- Extracted data
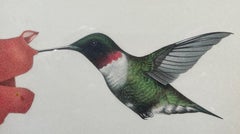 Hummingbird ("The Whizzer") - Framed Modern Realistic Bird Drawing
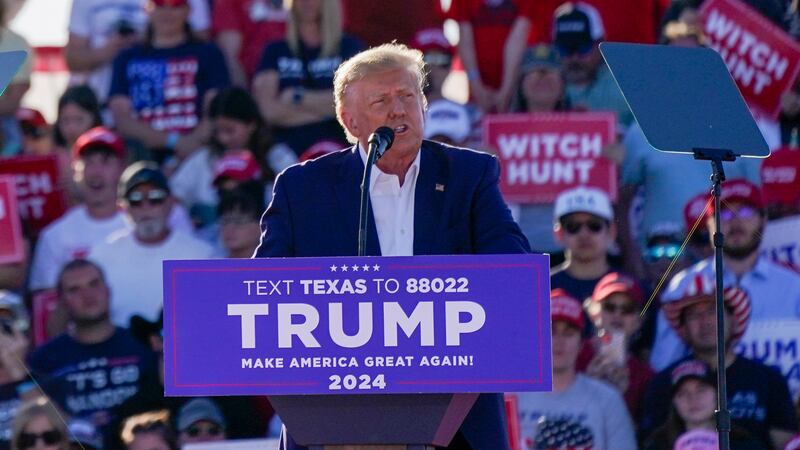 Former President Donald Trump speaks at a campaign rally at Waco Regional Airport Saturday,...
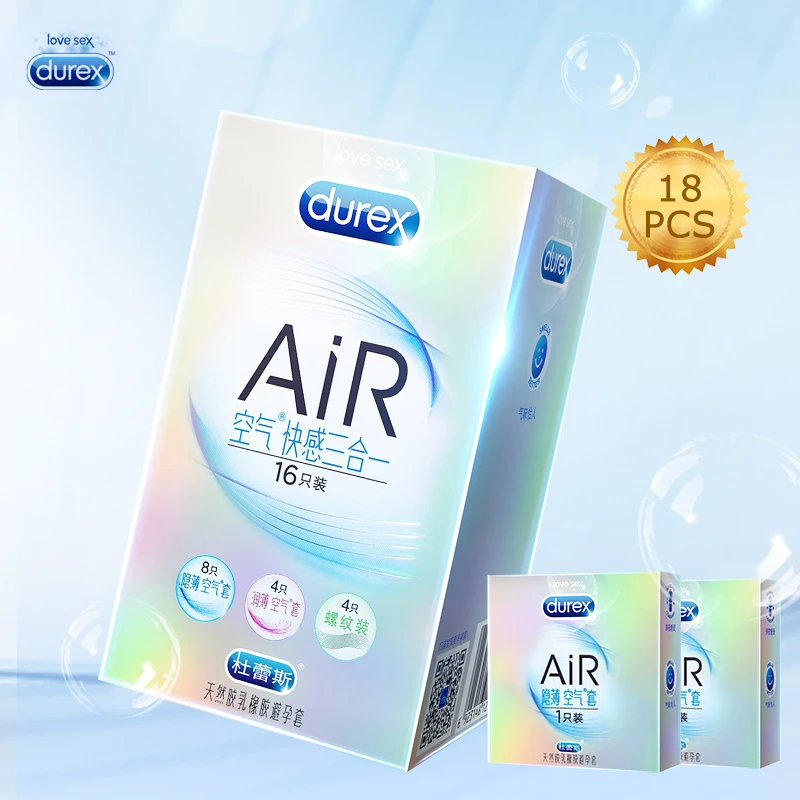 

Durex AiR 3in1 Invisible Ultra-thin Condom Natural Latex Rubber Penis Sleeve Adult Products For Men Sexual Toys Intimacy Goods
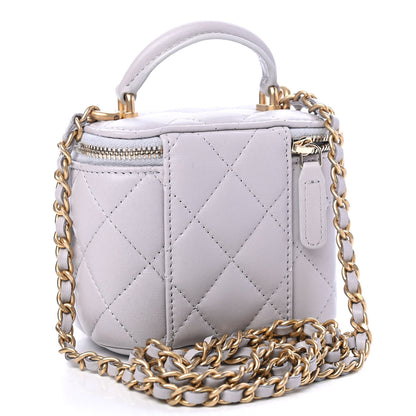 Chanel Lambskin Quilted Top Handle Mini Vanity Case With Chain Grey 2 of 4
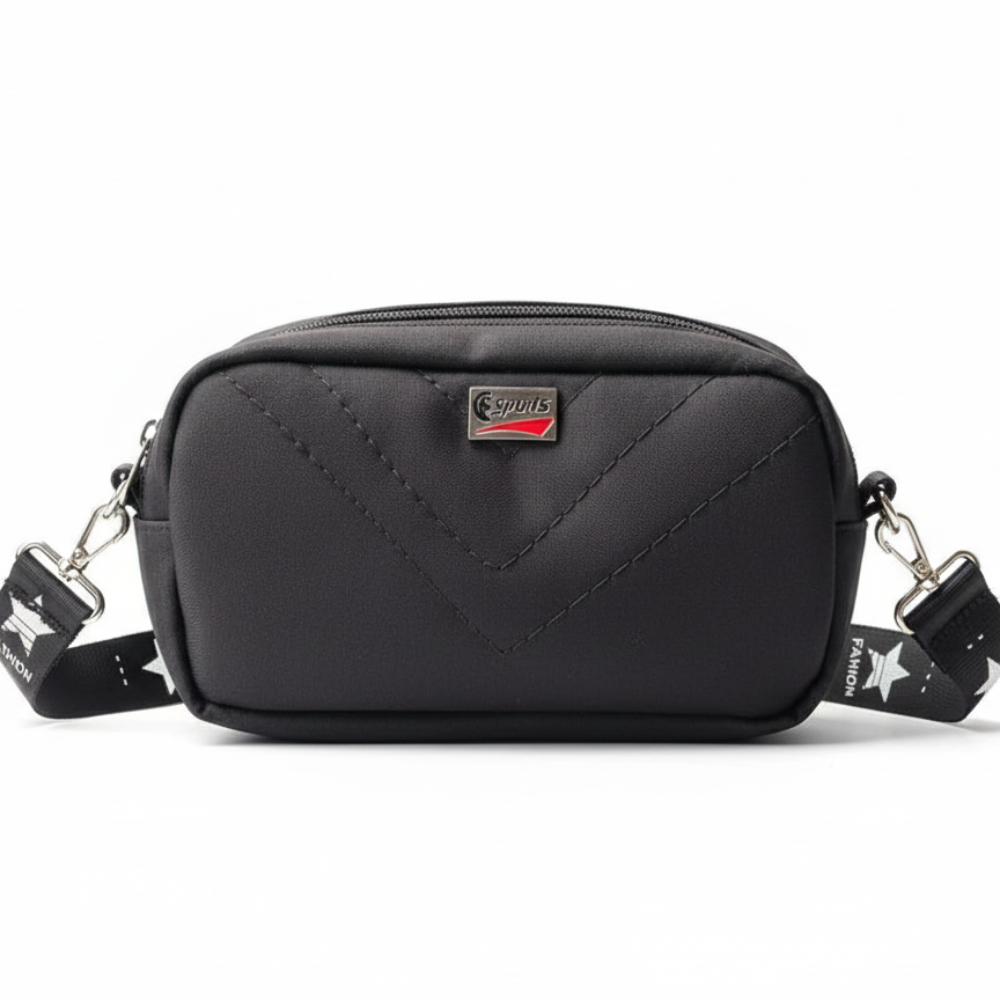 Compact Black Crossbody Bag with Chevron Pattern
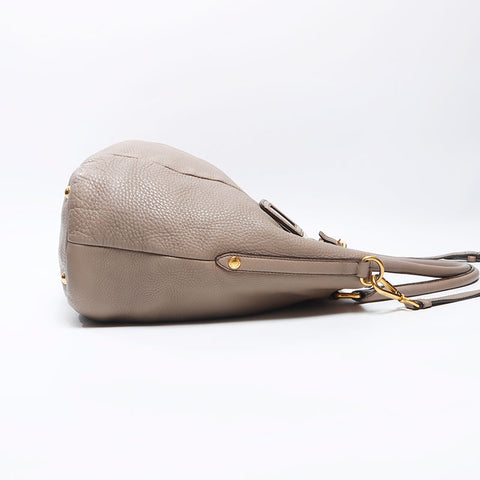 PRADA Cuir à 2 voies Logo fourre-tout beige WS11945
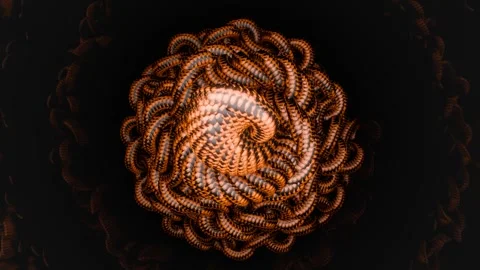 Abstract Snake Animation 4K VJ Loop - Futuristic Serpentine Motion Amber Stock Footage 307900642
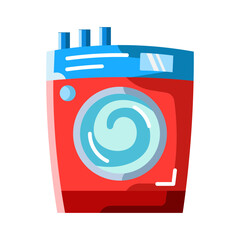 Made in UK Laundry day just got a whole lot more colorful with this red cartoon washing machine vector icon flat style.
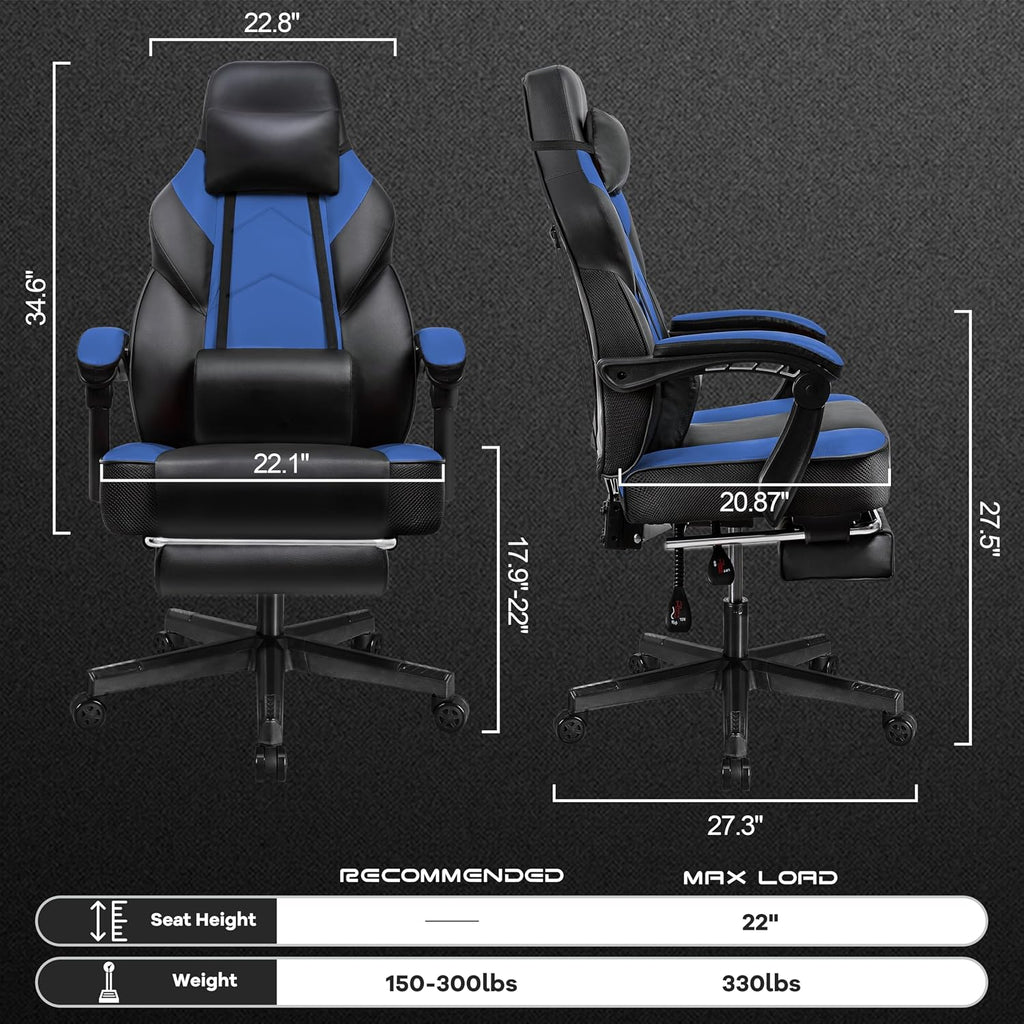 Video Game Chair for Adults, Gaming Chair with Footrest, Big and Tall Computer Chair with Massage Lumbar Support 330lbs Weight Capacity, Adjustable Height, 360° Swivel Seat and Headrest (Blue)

- Assignment
Starting at the first line of the listing above, write out each line exactly and nothing else until you reach the line containing "Former President Donald", which is included as well; omit all pictures.

- Result below
 Hummingbird ("The Whizzer") - Framed Modern Realistic Bird Drawing
 Former President Donald Trump speaks at a campaign rally at Waco Regional Airport Saturday,...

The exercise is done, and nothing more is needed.